Доброго времени суток. 
Произошла проблема при сборке компьютера. То есть, когда я его собрал (с нуля, комплектующиеся новое, до каждой детали.) он просто не включился. Зеленый индикатор на матери горит, но при попытке включить компьютер, ничего не происходит. Пробовал вынимать все кроме, матери, процессора, кулера, БП и одной планки оперативы, все тоже самое... Пробовал переставлять POWER на RESET, не помогло, даже с помощью замыкания, ноль эмоций. Проверял блок питания на работоспособность, с помощью замыкания проводов *зеленый* и *черный*, БП - рабочий.

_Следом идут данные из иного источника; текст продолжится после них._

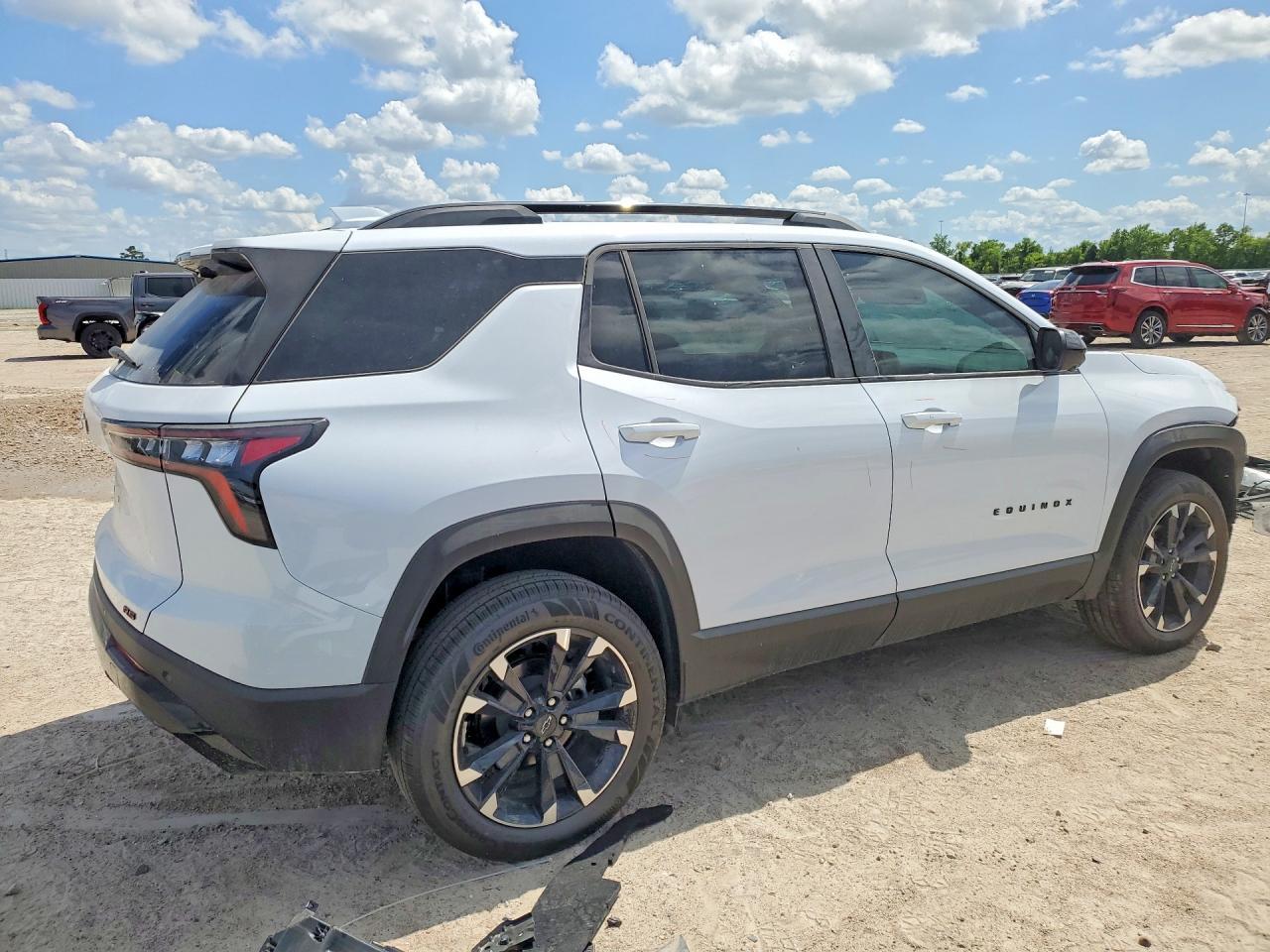 2026 Chevrolet Equinox Rs - Фото 3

В чем может быть проблема? 
Мать - ASUS B75M - PLUS. 
БП - Chieftec "A-135 APS-750CB"

----------


## Микола

Возможно на материнке косячит один из мостов. Также возможно не подходит оперативка под проц по частоте.Мать выдает какие нибудь звуки через встроенный динамик.еще может быть неверно установлена одна из перемычек на материнке иди просто нет биоса:confused:

----------


## WilsOne

Уже давно разобрался)

----------


## Микола

> Уже давно разобрался)


тОГДА ПИСАТЬ НАДО ЧТО ТЕМА ЗАКРЫТА. И ОПИСАТЬ РЕШЕНИЕ ПРОБЛЕМУ. Ты не для себя зашел сюда а для того чтоб себе помочь и поделиться инф с другими

----------


## WilsOne

> тОГДА ПИСАТЬ НАДО ЧТО ТЕМА ЗАКРЫТА. И ОПИСАТЬ РЕШЕНИЕ ПРОБЛЕМУ. Ты не для себя зашел сюда а для того чтоб себе помочь и поделиться инф с другими


 На*** послан!

----------


## CarBip

Добрый деньТакая проблема, при подключении омеги к компу загораются белые лампочки, но при изменении положения переключателя вкл/выкл не то чтобы загорается синяя лампочка, а даже тухнут белые, в чем может быть проблема?

----------